Whitner isn’t trying to get youths to give up video games, just to embrace exercise.

“If you want to live a healthy life,” Whitner told the assembly, “staying in shape, staying active and staying focused has a positive effect on the way you look, how your peers look at you, on the way that you feel about yourself, on how you feel when you get out of the bed in the morning. I ask you guys to just try to stay active for at least 60 minutes a day, and I promise you it will pay off in the long run.”

Whitner told the students he keeps himself on a strict diet year round.

“I try to stay away from a lot of carbs during the offseason,” he said. “Carbs are your breads and pastas and all those things that put weight on you.

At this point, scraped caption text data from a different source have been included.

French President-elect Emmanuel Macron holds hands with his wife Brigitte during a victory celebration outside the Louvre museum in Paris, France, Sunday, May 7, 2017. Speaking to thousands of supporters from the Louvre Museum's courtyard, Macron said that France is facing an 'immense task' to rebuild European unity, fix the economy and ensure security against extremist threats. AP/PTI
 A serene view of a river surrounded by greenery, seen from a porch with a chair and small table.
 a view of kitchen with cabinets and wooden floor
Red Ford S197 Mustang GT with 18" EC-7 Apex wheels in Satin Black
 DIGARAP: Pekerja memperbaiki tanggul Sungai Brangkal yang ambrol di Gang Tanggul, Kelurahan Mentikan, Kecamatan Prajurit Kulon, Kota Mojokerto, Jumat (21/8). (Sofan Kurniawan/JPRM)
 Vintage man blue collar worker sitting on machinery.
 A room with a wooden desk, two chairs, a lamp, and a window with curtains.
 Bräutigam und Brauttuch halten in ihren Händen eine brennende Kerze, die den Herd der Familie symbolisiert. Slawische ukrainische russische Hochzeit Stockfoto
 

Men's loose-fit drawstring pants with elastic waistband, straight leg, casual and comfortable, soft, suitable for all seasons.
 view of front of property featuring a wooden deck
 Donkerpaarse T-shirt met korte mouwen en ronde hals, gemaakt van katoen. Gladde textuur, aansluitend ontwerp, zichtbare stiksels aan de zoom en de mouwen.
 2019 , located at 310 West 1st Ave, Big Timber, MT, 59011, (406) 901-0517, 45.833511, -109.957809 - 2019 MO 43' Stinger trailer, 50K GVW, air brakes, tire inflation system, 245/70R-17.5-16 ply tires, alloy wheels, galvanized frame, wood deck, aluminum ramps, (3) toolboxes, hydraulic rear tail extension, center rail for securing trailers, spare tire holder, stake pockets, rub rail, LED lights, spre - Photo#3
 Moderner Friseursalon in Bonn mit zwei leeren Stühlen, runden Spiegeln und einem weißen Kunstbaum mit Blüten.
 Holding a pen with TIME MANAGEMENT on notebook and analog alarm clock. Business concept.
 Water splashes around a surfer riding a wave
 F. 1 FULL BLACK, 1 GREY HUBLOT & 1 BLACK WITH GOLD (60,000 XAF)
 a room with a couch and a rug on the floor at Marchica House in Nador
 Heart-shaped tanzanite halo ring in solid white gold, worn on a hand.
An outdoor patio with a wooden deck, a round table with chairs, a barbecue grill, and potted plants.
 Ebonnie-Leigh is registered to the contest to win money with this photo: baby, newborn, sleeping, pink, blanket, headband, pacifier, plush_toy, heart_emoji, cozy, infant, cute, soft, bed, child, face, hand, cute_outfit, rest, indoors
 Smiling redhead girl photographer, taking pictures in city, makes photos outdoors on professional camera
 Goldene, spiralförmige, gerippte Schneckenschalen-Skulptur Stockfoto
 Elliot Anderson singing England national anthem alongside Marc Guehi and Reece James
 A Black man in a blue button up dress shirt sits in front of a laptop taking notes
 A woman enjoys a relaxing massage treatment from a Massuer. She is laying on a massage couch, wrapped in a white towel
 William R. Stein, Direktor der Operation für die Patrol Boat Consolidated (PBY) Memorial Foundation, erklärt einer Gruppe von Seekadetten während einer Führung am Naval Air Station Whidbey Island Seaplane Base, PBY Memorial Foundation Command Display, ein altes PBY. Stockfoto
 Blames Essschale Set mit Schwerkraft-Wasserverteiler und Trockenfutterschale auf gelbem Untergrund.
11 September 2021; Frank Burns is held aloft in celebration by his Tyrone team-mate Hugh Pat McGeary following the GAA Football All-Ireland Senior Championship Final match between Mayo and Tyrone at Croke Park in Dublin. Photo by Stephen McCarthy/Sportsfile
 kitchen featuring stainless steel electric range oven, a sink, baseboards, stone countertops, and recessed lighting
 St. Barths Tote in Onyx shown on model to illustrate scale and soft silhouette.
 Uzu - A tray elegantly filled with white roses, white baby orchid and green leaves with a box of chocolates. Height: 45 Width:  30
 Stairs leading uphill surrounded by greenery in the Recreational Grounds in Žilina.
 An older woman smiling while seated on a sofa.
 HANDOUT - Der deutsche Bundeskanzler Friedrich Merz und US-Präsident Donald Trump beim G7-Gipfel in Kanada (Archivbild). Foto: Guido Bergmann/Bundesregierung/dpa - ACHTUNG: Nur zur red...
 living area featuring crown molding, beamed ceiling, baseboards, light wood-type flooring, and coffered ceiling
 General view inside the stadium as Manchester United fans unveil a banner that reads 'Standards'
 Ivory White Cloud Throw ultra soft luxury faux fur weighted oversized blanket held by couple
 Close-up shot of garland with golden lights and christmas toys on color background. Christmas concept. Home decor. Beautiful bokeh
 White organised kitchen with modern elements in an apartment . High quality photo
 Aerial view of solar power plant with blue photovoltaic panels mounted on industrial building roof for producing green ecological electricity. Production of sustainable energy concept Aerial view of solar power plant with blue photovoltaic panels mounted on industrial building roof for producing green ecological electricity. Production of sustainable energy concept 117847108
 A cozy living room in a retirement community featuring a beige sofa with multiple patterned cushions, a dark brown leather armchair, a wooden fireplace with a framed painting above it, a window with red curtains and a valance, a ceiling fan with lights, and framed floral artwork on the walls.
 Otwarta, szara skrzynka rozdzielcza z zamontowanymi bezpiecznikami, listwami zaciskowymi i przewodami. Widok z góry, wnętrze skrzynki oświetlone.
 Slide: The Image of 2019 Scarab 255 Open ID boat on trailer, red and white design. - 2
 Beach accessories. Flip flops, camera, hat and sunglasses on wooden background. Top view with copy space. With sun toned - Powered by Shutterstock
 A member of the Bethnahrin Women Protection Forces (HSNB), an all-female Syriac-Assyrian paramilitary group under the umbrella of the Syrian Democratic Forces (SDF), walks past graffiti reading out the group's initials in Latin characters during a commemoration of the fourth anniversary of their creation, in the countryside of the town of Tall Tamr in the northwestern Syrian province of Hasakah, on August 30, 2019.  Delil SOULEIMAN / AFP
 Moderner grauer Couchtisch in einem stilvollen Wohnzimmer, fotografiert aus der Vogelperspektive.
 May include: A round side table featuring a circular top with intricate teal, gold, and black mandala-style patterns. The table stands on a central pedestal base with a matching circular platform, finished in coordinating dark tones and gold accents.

You don’t want many carbs when you’re not working out a lot. . . . I eat a lot of baked chicken, no fried food, a lot of vegetables. I thought I loved broccoli, but my chef brought me something new, broccolini. I love broccolini.”

Before the limo ride, Winkworth showed Whitner his bedroom, where the walls are lined with more than 600 pictures from magazines of sports stars, including Whitner.

One reason Winkworth likes Whitner, ironically, is a video game.

“He’s really good,” Winkworth said. “I play him in Madden. I use him blitzing. You can tell he stands out on the team.”

The 6-foot Winkworth, however, is no couch potato. He plays travel soccer and basketball. His injured foot will be healed in time for him to try out for the Niagara Catholic basketball team in a few weeks.

“This was cool,” Winkworth said. “Even though I didn’t get to participate (in gym class), it was cool just being a part of it. There’s something bigger than the injury now.”